Both parts of that sentence are false.  There's nothing in Forth to
stop you from changing any of the 359 words.  This in general is not
a good idea, so the first part of the sentence is _close_ to true.

The second part of the sentence is true for most of the 359 words, but
there are special syntactic forms for a few.  These are given in the
Standard as parsing text.  And you have the privilege of making new
syntactic rules for the words you define.  Furthermore the syntactic
rules are not context free.

For instance, the syntaxes for `CONSTANT` and for `CHAR` are different
inside and outside a definition.

Of the 359 words, 133 are required.  These are the ones in the Core
word set.  There are another 46 words in the Core Extension word set.
6 of these (and another elsewhere) are flagged as "obsolescent".

The words in the Core Extension word set are losers.  They are words
that were proposed for the Core word set and didn't make it.

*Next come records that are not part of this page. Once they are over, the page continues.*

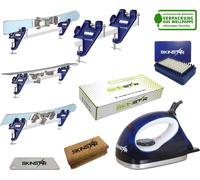 SKINSTAR Skiwax Set Skispanner Waxiron Brosse Cire naturelle Lame d'extraction 6 pièces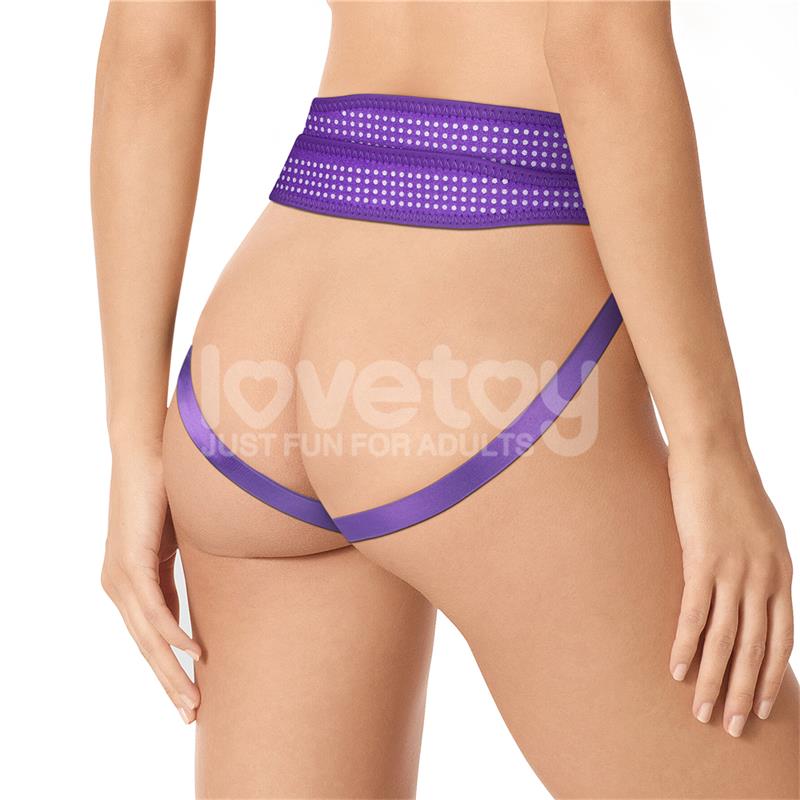 Easy Strap On Harness Polka Dots Purple – Image 13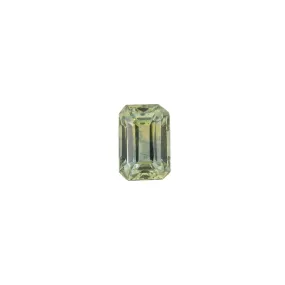 Stunning 1.12ct Emerald Cut Parti Green Yellow Montana Sapphire - Elegant Natural Gemstone SF356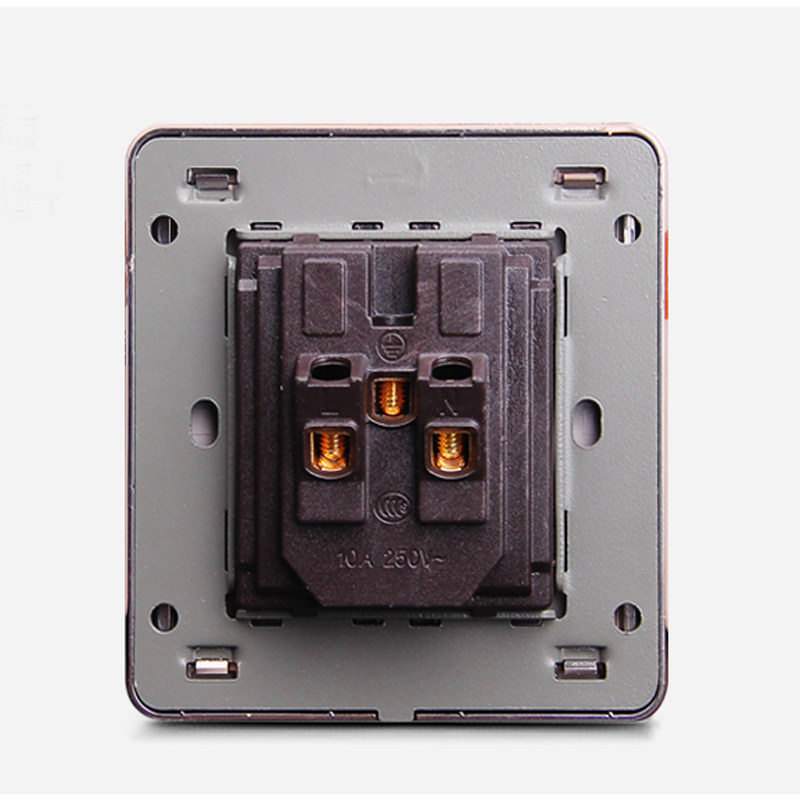 墙壁暗装86型七孔5孔开关插座多口墙面超薄嵌入式新国标墙插面板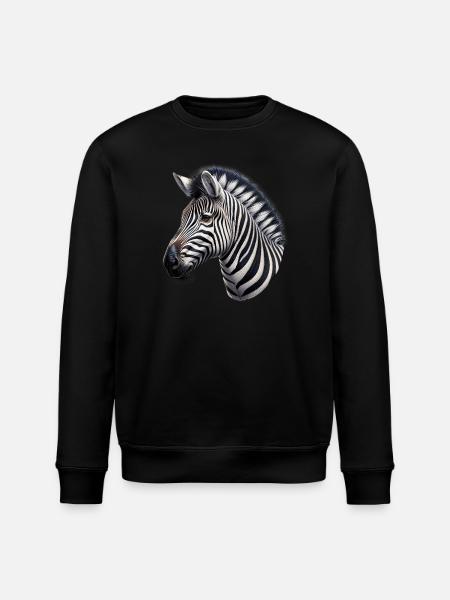 Zèbre - Sweat bio ROLLER Stanley/Stella Unisexe - noir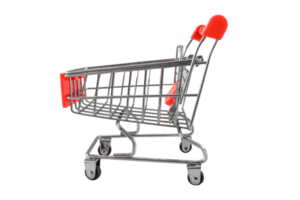 Shopping cart isolated png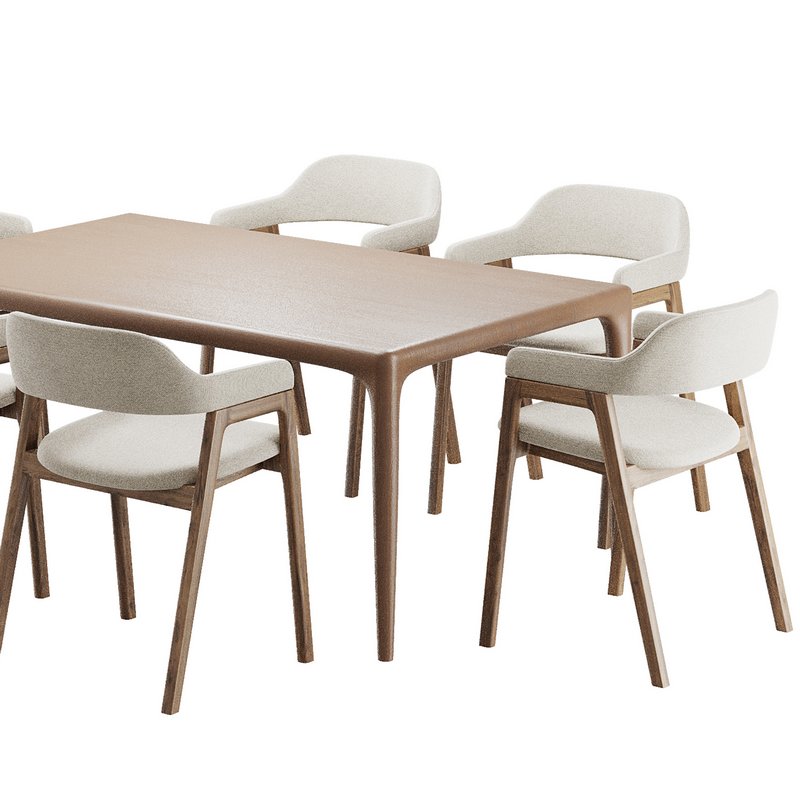 Dinning chair and table125 - Image 6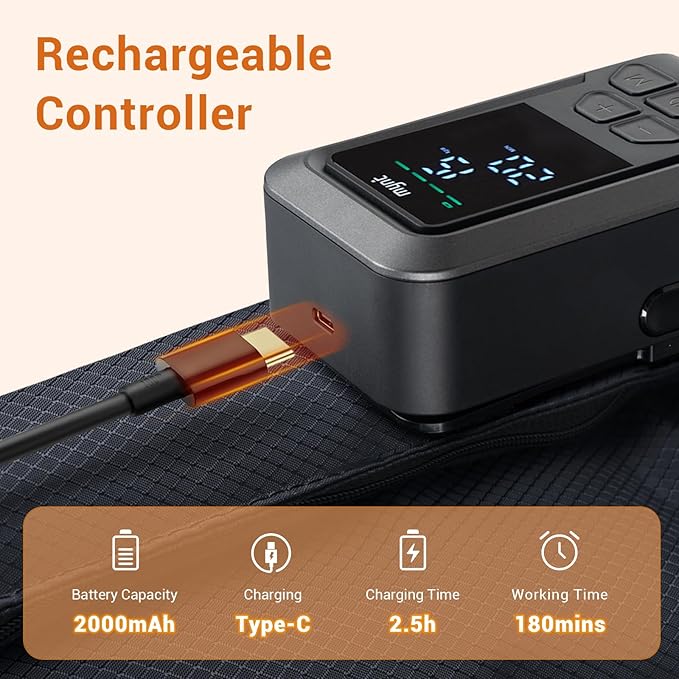 Mynt Full Leg Air Compression Massager, Sequential Cordless Compress Therapy Machine for Circulation Pain Relief, Rechargeable Leg Massage Recovery System with Multiple Modes & Intensities for Athlete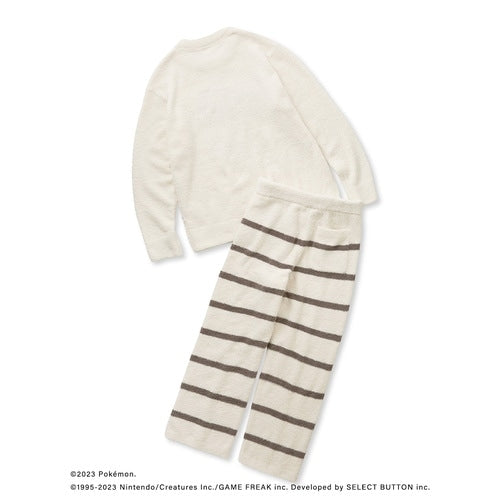 [gelato pique] Baby Moco Jacquard Pullover & Long Pants Set Ivory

The required words include `<`, `=`, and `>`.  The required words
include `0<` and `0=` but not `0>`.  That's in the Core Extension
word set.  `U<` is required but not `U>`, which is in the Core
Extension word set.

The full system has `D0<` and `D0=`, `D<` and `D=`, but not
`D0>`  or `D>`.  The system has `CHAR+` and `CELL+` but no
`CHAR-` or `CELL-`.  Although the Core Extension has `NIP` and
`TUCK` it doesn't have `-ROT`.  `\`, which is so popular here,
is not required.

`OFF`, `ON`, `<=`, and `>=` were proposed and rejected.

What does this tell me?

It tells me that the world that is making money from Forth doesn't
need these words.

My Forth working set is larger than the Core and Core Extension
word set.  But that's for the work that I do with Forth.  It is
still all compilable from the Standard.  The Forths that I use
all have the top of stack in a register.  Thus `SWAP` is three
machine instructions, `DROP` is two machine instructions, and
`NIP` is one machine instruction.  So I want `NIP` for
compilation and clarity as I see it.

I still build my pet words carefully from the Standard words.
--
Procedamus in pace.    Wil Baden   Costa Mesa, California



Tue, 28 Dec 1999 03:00:00 GMT  
 359 Reserved Words and No Syntax


Quote:
>        359 Reserved Words and No Syntax
>"Standard Forth has 359 reserved words and no syntax but succession."
>Both parts of that sentence are false.  There's nothing in Forth to
>stop you from changing any of the 359 words.  This in general is not
>a good idea, so the first part of the sentence is _close_ to true.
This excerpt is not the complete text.